Ancram stayed on, pending the election of David Cameron late that year as Howard’s successor. He also became Shadow Defence Secretary, increasingly critical of Britain’s military presence in Iraq. He returned to the back benches the following year, joining the Intelligence and Security Committee, and in 2010 he left the Commons with a peerage, as Baron Kerr of Monteviot.

Ancram’s elder daughter, Lady Clare, suffered from ME/CFS, until she was successfully treated at the Breakspear Hospital in Hertfordshire.
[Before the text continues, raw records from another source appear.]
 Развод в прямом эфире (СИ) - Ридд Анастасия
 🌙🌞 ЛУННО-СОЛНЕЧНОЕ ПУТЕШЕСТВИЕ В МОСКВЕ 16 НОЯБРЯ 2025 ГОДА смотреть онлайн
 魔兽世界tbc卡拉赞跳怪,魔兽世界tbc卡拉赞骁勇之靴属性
In 2004 he launched the Breakspear Hospital Trust.

He became a Scottish QC in 1996, and deputy lieutenant for Roxburgh, Ettrick and Lauderdale in 1990. He succeeded his father, 11 October, 2004, as 13th Marquess of Lothian, 14th Earl of Lothian, 15th Earl of Ancram, 13th Viscount of Briene, 16th Lord Jedburgh, 14th Lord Newbottle, 15th Lord Kerr of Nisbet, Longnewtoun and Dolphinstoun, 13th Lord Ker of Newbottle, Oxnam, Jedburgh, Dolphinstoun and Nisbet, and 8th Baron Ker, of Kershaugh in the County of Roxburgh.
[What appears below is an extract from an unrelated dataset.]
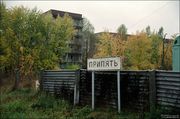 Pripyat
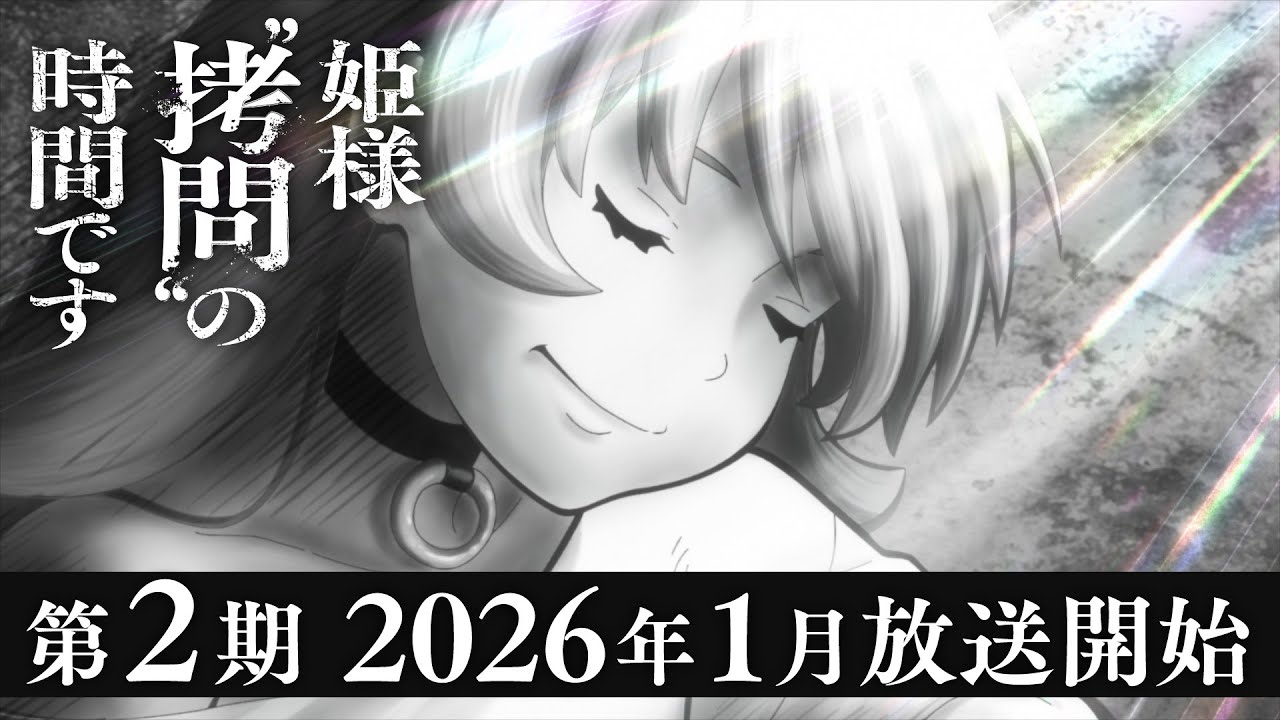 TVアニメ『姫様&ldquo;拷問&rdquo;の時間です』第2期ティザーPV│2026年1月放送開始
He was created a life peer in 2010 as Baron Kerr of Monteviot, of Monteviot in Roxburghshire.

As Earl of Ancram he married 7 June, 1975, the Lady Theresa Jane Fitzalan-Howard (born 24 January, 1945), younger daughter of the 16th Duke of Norfolk, KG, GCVO, GBE (1908-75), and his wife the Hon Lavinia Mary Strutt, LG, CBE (who died 1995).

His wife succeeded to the Lordship of Herries of Terregles, 7 April, 2017, inheriting the title from her elder sister. They had three daughters, Lady Sarah Margaret (born and died 13 June, 1976), Lady Clare Therese (born 25 January, 1979), heir to her mother's peerage, and Lady Mary Cecil (born 1981).

He is succeeded as 14th Marquess by his brother, Lord Ralph William Francis Joseph Kerr, born 7 November, 1957. The 14th Marquess lives at the family seat, Ferniehurst Castle, Jedburgh, Roxburghshire, and Melbourne Hall, Derby. He married 5 March, 1988, Marie-Clare Black, 2nd daughter of (Michael) Donald Gordon Black, MC (1932-2009), by his wife the former Priscilla M.A. Holt (born 1937). They have four sons and two daughters.